A fiduciary is someone who has accepted the trust or confidence of a beneficiary (in this case, a child). Fiduciaries understand that they possess power the beneficiary does not. Therefore, fiduciaries have a responsibility to act in the beneficiary’s best interests. To do otherwise could be neglectful or abusive.

In non-legalese, here is the scoop: The covenant between camp staff members and children is that staff members agree to act in children’s best interests.

This model of servant leadership sounds great on paper, but in a small group setting, apart from the camp’s senior staff members, it’s easy for a lone counselor or cabin leader to take the bait when goaded by his or her charges:

  • “Tell us what you did on your night off! I bet it was sooooo fun.”
  • “What are the parties like in college? Please tell us!”
  • “We promise to keep it a secret if you tell us about your boyfriend.”
  • “Why do you always say that the unit leaders can’t find their way out of a paper bag?

Staff members who self-disclose adult themes and salacious content always experience a short-term bump in the polls. (“ My counselor is soooooo cool .”)

Rarely do they consider how unsafe a “boundary-less” world starts to feel to children. Instead, staff is rapidly reinforced by smiles and laughter and prompted to share more.

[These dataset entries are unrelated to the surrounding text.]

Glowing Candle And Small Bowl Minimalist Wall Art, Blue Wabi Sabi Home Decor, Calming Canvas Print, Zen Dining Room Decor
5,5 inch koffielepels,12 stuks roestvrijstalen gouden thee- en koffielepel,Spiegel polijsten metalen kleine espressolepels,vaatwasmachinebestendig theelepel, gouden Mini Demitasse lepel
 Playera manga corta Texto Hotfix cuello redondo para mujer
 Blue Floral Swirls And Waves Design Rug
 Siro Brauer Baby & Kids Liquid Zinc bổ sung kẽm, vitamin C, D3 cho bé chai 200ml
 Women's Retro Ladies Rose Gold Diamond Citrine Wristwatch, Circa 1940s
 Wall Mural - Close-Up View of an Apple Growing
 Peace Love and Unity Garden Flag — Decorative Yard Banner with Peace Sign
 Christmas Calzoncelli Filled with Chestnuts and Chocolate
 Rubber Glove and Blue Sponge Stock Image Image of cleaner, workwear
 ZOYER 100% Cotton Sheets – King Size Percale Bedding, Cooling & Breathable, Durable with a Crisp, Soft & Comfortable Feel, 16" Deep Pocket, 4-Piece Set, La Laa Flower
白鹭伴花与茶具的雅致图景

And although many high-school-age and college-age staff members know where to draw the line, many more people cross it, sometimes unwittingly.

Crossing The Line
Senior staff members must therefore anticipate the temptation that less-experienced staff members have to “overshare”—physically, emotionally, and verbally.

Moreover, the underdeveloped frontal lobes of those young staff members add an impulsive variable to the professional-boundary equation. Hence, senior staff members must illustrate the consequences that junior staff members don’t always see. And there’s plenty they don’t see.

Take, for example, the male resident camp counselor who is suddenly inspired while changing out of his bathing suit before lunch. He tucks his penis and testicles between his legs, turns to his campers and hollers “Hey, guys, check out my mangina !”

The cabin erupts in gales of laughter, which would suggest that everyone is enjoying the show. Only on the way back from lunch do some boys start sharing their views, such as, “Yeah, that was a little creepy” and “My mom would totally freak out if she knew.”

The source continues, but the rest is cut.